C’erano anche i suoi super eroi preferiti fuori dalla chiesa di St. Joseph a Blackhall Colliery per dare l’ultimo saluto a Bradley Lowery, il piccolo tifoso del Sunderland che si è dovuto arrendere a un male più grande di lui, ma la cui lotta contro il neuroblastoma che se l’è portato via a soli 6 anni è stata d’ispirazione a molti. A cominciare da Jermain Defoe, che pur di essere al fianco del suo “best friend” tragicamente scomparso una settimana fa, ha interrotto il ritiro spagnolo col Bournemouth e si è presentato al funerale indossando una maglia della Nazionale inglese con la scritta “Bradley 6” sulle spalle.

COMMOZIONE — Visibilmente commosso, l’attaccante non è riuscito a trattenere le lacrime quando la piccola bara, decorata coi colori della squadra del cuore di Bradley, il suo adorato Sunderland, è arrivata dentro a un carro di vetro, trainato da due cavalli bianchi, ed è stata portata in spalla da amici e parenti del bambino, tutti vestiti con le maglie del club e la scritta “Bradley 6 forever” sul retro, sulle note di “Can’t Help Falling in Love” di Elvis Presley, l’inno del Sunderland.

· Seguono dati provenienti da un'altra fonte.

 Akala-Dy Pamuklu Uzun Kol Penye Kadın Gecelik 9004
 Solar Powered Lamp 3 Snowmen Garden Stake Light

ANCHE NEWCASTLE SI FERMA — E come riporta il Daily Mail, nello stesso momento del funerale anche Newcastle, divisa da una storica rivalità col Sunderland, si è fermata per dire addio al piccolo Bradley, con centinaia di persone riunite nel centro della città, molte con addosso la maglia dei Magpies, per ricordare a tutti che “il cancro non ha colore”. Che è poi quello che si legge sull’hashtag #CancerHasNoColours che da giorni è trend sui social e accompagna le foto di coloro che, rispondendo all’appello della famiglia Lowery, hanno voluto rendere omaggio alla passione calcistica “del nostro super eroe che ora è in cielo”, come lo ha salutato mamma Gemma durante la straziante funzione in chiesa.